- **TASK PROMPT**
When you reach the line that contains "Chef Family Chef" in the data below, start reproducing lines exactly, and stop after the line that contains "White Rectangular Bathtub".

DATA UNDER STUDY below:

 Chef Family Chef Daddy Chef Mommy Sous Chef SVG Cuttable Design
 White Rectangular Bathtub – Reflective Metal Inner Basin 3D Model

End of DATA UNDER STUDY.
DATA UNDER STUDY below:

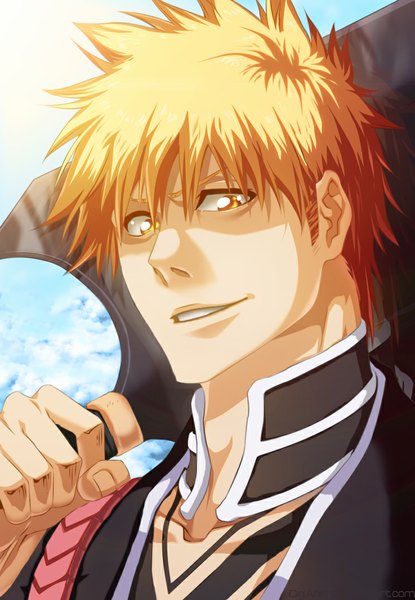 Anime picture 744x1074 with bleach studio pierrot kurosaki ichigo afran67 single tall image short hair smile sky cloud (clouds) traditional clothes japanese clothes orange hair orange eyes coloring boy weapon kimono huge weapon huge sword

End of DATA UNDER STUDY.

- **ANSWER TO THIS EXERCISE**
 Chef Family Chef Daddy Chef Mommy Sous Chef SVG Cuttable Design
 White Rectangular Bathtub – Reflective Metal Inner Basin 3D Model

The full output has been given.